**Supplied records**:
-*-
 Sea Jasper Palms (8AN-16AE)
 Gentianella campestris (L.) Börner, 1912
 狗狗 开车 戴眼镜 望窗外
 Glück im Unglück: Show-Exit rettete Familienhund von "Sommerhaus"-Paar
-*-
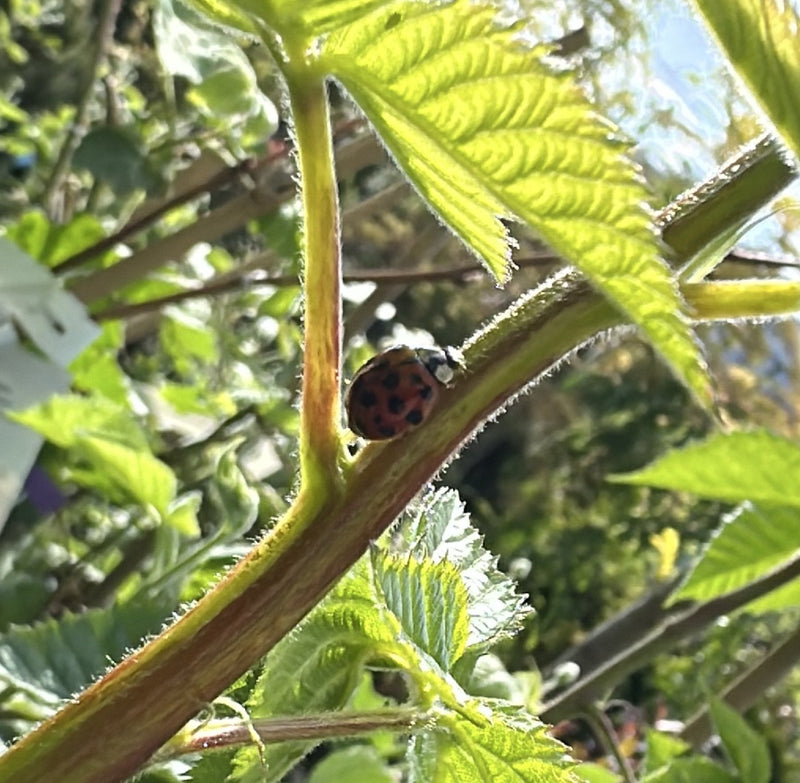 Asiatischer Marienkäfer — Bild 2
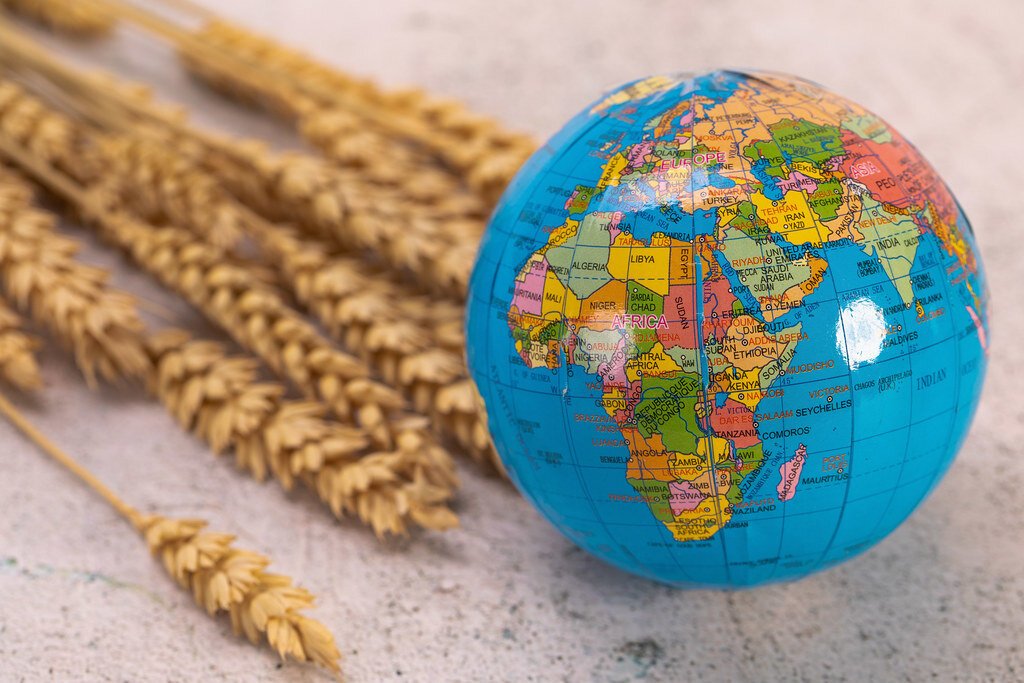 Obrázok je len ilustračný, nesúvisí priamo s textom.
-*-
**Goal of the exercise**:
Output the lines above exactly, but only those between the line holding "Sea Jasper Palms (8AN-16AE)" and the line holding "Glück im Unglück: Show-Exit", inclusive.

**Written response**:
 Sea Jasper Palms (8AN-16AE)
 Gentianella campestris (L.) Börner, 1912
 狗狗 开车 戴眼镜 望窗外
 Glück im Unglück: Show-Exit rettete Familienhund von "Sommerhaus"-Paar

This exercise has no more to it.